Eğitime verilen önem sadrazam ve vezirler için de geçerliydi. Fatih döneminde kurulan Enderun, devlet yöneticilerini yetiştiren bir okuldu. Bu okulda geleceğin sadrazamları, vezirleri yetişirdi. Yani Osmanlı, devleti emanet edeceği kişiyi önce yetiştirmiş, sonra görev vermiştir. Bugünkü gibi yalakalıkla devlette mevki sahibi olmak söz konusu bile değildi.
3 – Devletin temelinde kanunların ve kurumların olması, tahta geçen padişah yeteneksiz, basiretsiz hatta akıl hastası olsa bile devleti ayakta tutmuştur.
Eğer Osmanlı’nın temelinde kanun ve kurumların gücü değil de sadece padişahın iradesi olsaydı devlet, deli İbrahim’in 8 yıllık saltanatına dayanabilir miydi? Düşünün, devlet bir akıl hastasının yönetiminde 8 yıl idare edilmiş ancak yıkılmamıştır. Çünkü padişah akıl hastası olsa da arkasında devleti yönetecek sağlam bir Divan-ı Hümayun ve bağımsız bir yargı vardı.
Kuruluş ve yükseliş dönemlerinde imparatorluğun sahip olduğu bu nitelikler, duraklama ve gerileme dönemlerinde tam tersine döndü.
Şehzadelerin sancağa çıkmasının yasaklanması, tahta çıkana kadar sarayda bir kafes hayatı yaşaması padişahların devlet yönetme becerilerini zayıflattı. Hiçbir tecrübesi olmayan padişahlar tahta oturdu. Bazıları tahta geçtiğinde çocuk yaştaydı. Bazıları ise sarayda ölüm korkusu yaşamaktan akli dengesini yitirmişti.
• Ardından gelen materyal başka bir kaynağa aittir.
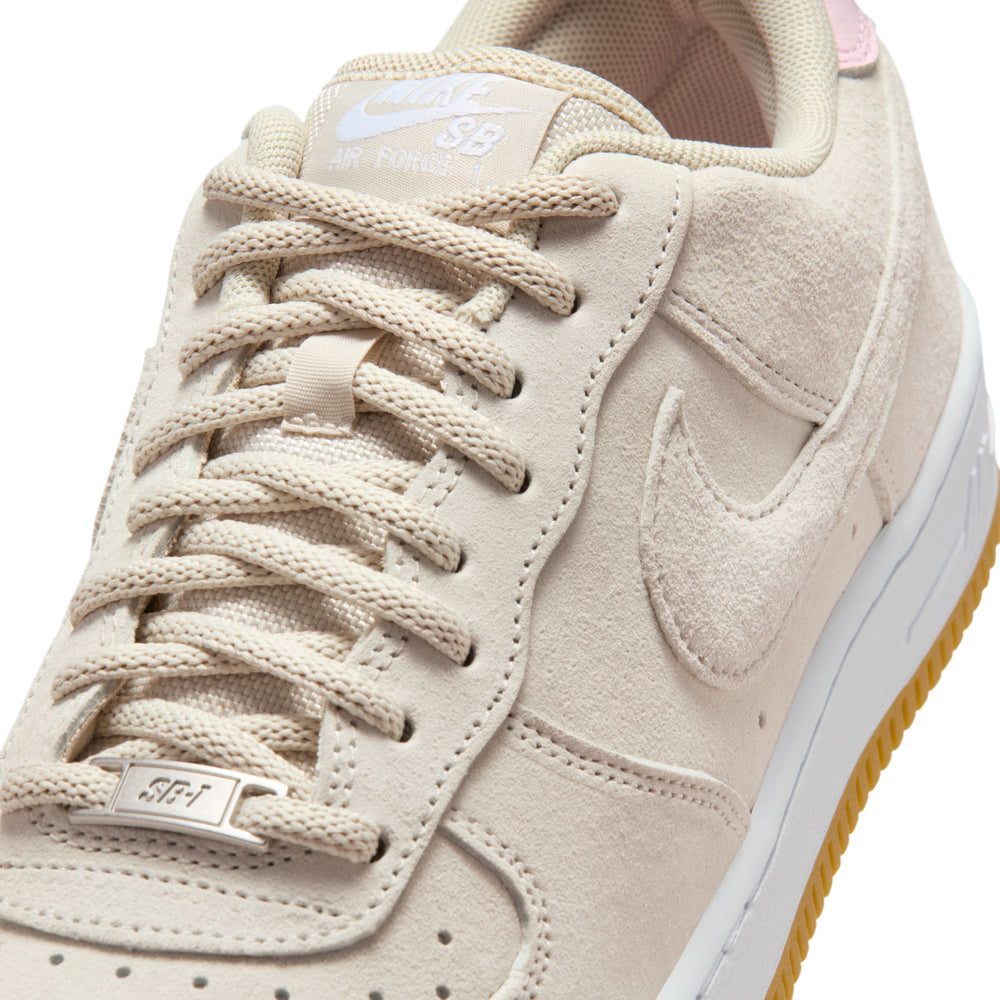 ZAPA NIKE SB AIR FORCE 1 HM8517-100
Bu nedenle Fatih, Yavuz, Kanuni gibi padişahları üst üste yetiştiren devlet, bir daha bu çapta bir padişah yetiştiremedi.
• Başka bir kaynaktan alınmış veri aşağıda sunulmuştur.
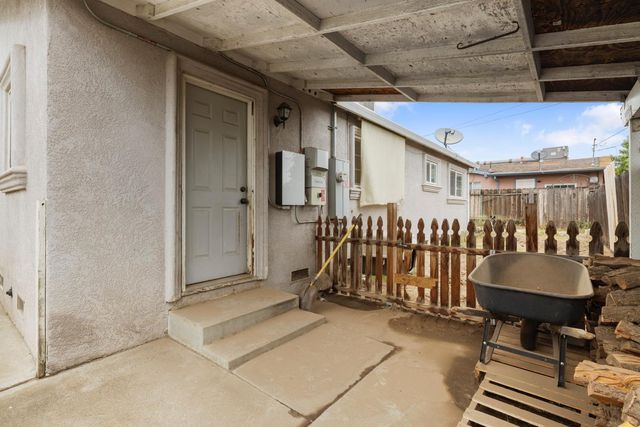 224 El Capitan Ave, Manteca, CA 95337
Devleti yönetme becerileri ve donanımları zayıflayan sadece padişahlar değildi. Enderun eğitimi de yozlaştı. Devlette liyakat değil yalakalık ve rüşvet ön plana çıktı. Rüşvetini ödeyen, padişaha yalakalık yapan herkes bir mevki sahibi olabiliyordu. Bu yozlaşma zamanla yargıya da bulaştı ve devleti ayakta tutan adalet, sarsıldı. Kadılar kanunlara göre değil aldıkları rüşvete göre hüküm vermeye başladı
Tüm bu yozlaşmanın sonucu ne oldu?
Bir zamanlar, Viyana kapılarına dayanan imparatorluk, kurulduğu Anadolu topraklarını bile kaybetti. Neyse ki Allah, Türk milletine bir Mustafa Kemal nasip etti de vatanımızı kurtarıp yeni bir devlet kurabildik.
Şimdi Osmanlı ile günümüzü kıyaslayarak referandum sonucunun bizi Osmanlı’ya mı yoksa başka yere mi götüreceğini görelim.
Bugün Osmanlı’daki gibi bir yargı bağımsızlığından söz edebilir miyiz? Hayır
Bugün devlet kurumlarının Cumhurbaşkanı’nın iradesinden bağımsız olarak güç sahibi olduğunu söyleyebilir miyiz? Hayır
Bugün, Osmanlı’daki Sokullu Mehmet Paşa, Çandarlı Halil, Pargalı İbrahim gibi güç ve irade sahibi bir Başbakan var mı? Hayır.
Bugün Türkiye’de Osmanlı adaletinin uygulandığını söyleyebilir miyiz? Hayır
Bugün devlette liyakat esas mıdır? Hayır.
O halde böyle bir sistem bizi Osmanlı’ya nasıl geri döndürecek söyler misiniz? Bu şartlarda döneceğimiz dönem Osmanlı’nın yükselişi değil yıkılış dönemi olacaktır.